Kaplan's bold statements were based on travel, observation, and analyzing events from history. In his journalism, he digs through history and pieces together a picture of the future based on the past. He dares to suggest that the past affects the future, and that seemingly unrelated incidents are interconnected. This future was fulfilled in the ensuing breakup of Yugoslavia, and years of ethnic cleansing' and bloody war.

If Robert Kaplan had simply reported on obvious news events, no doubt the articles would have stayed on the economic reforms Reagan influenced in Yugoslavia, and Slobodan Milosevic's push for Serbian dominance. There would have been stories on ethnic tensions in villages, but without an understanding of history with which to interpret events, this kind of reporting is mere disjointed information and of little use for understanding our world. For what is the present, without the past and the future?

Not only questions of time, but questions of the interconnectivity are key. Did the assassination of Archduke Franz Ferdinand in Sarajevo, spark World War I? Will global oil demand effect conflict in the world's oil producing regions today?

An article from February 3, 2003 on CNN.com shows mainstream media awakening to the truths of time and interconnectivity:
Civil war. Mutilations. Threat of nuclear deployment. Human trafficking. Starving babies. Those are some of the seeds and harvest of conflicts in Africa, Asia, Europe and South America.

Neglecting these conflicts is dangerous, said Arthur Helton, director for peace and conflict studies at the Council on Foreign Relations...
Most regions in conflict suffer from long absences of international attention until overwhelming bloodshed or combat renews interest, Helton said, adding that the cycle of atrocity, shock, atrocity should be a wake-up call to seek lasting solutions.

It is generally acknowledged that media's responsibility is to report news as it happens, and that truthfully. But the present depends on the past, and the future, for its meaning; "here" depends on "there" for its meaning.

Not all responsibility for this meaning lies with media, however. A short news story or television program cannot realistically include all the history and interconnectivity necessary; often, media's practical limitations can merely give leads to the audience. It is incredibly tempting to abdicate our responsibility as an audience, blaming "the media" for withholding insight and information. An intelligent audience must face its responsibility for using critical thinking toward what it receives from the media.

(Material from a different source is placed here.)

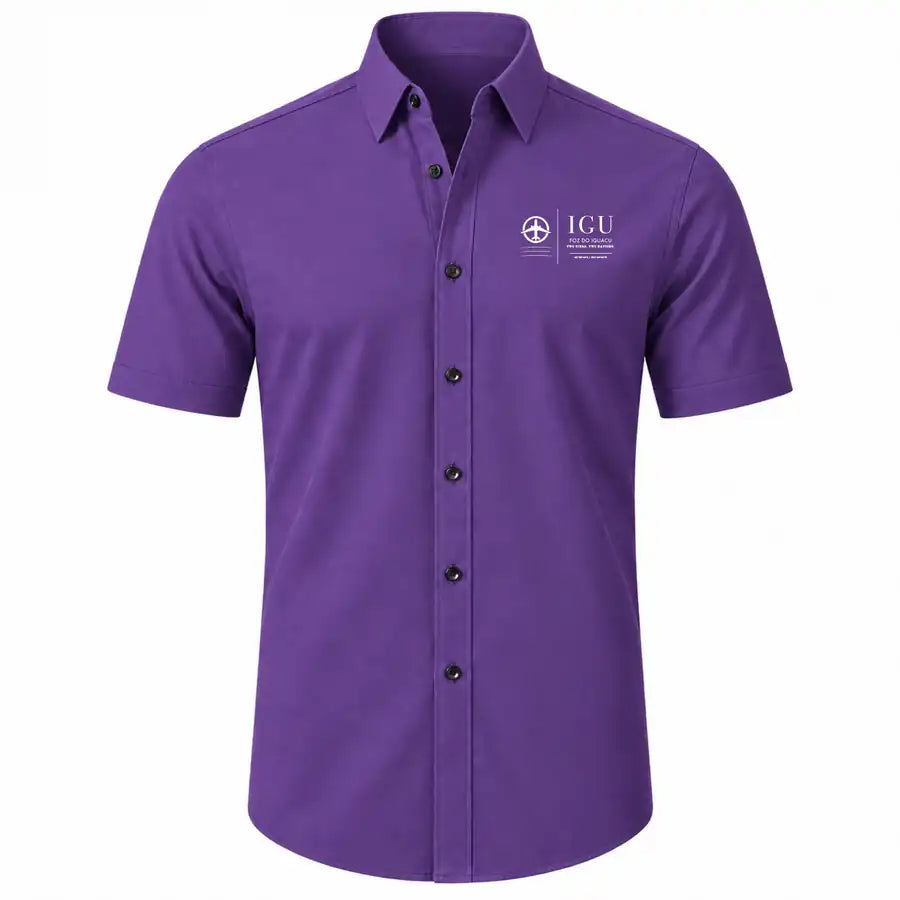 Foz do Iguaçu International Airport (IGU) Shirts - Short Sleeve Shirt - Front - Purple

It is easy human nature to look at what is most exciting at the moment; it is deeper human intuition, logic, and intelligence to look for what lies beyond.

A couple hundred years before the age of television journalism and soundbites, Johann Wolfgang von Goethe summed up media's tension well: "The world is for thousands a freak show; the images flicker past and vanish; the impressions remain flat and unconnected in the soul. Thus they are easily led by the opinions of others, are content to let their impressions be shuffled and rearranged and evaluated differently."

Is it the media's responsibility to go beyond what's happening today? It is the responsibility of all thinking people in all roles in society to "go beyond". Only then (borrowing from that Olympic spokesman) can media say, "We are 'media'. We have finished our part of the work. The rest is in the hands of...you."

Learn more about this author, Hannah Kempf.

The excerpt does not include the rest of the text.